- WORK TASK
All of the data below should be printed again word for word, pictures excluded.
*** RAW DATA
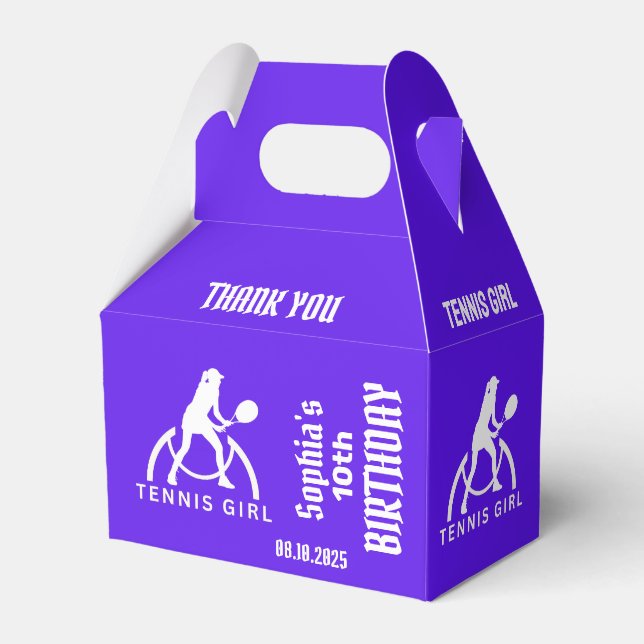Tennis Player Girl, Birthday Girl Favor Box (Front Side)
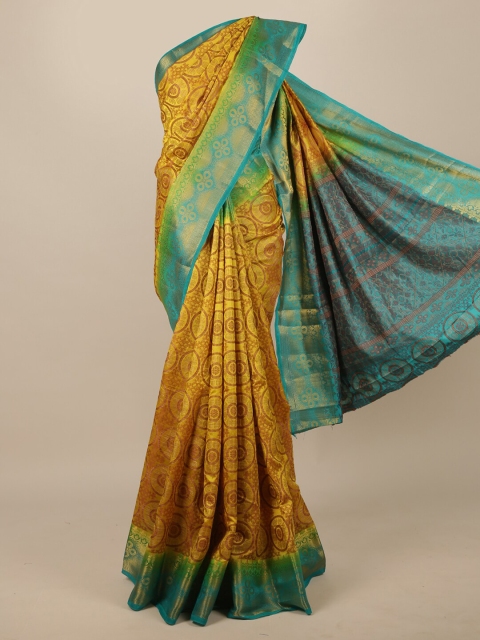 Pothys Yellow & Turquoise Blue Floral Zari Jute Silk Saree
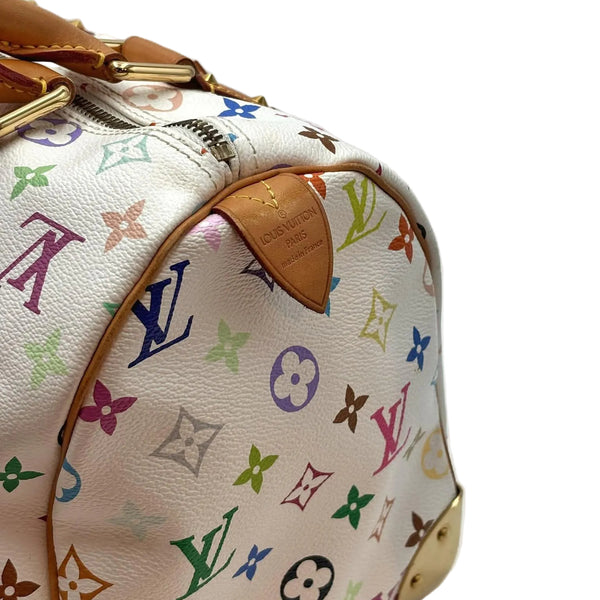 Louis Vuitton x Takashi Murakami White Monogram Multicolor Speedy 30 Bag (Pre-owned) QG6YDR4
******
- RESULT OF THE TASK
Tennis Player Girl, Birthday Girl Favor Box (Front Side)
 Pothys Yellow & Turquoise Blue Floral Zari Jute Silk Saree
 Louis Vuitton x Takashi Murakami White Monogram Multicolor Speedy 30 Bag (Pre-owned) QG6YDR4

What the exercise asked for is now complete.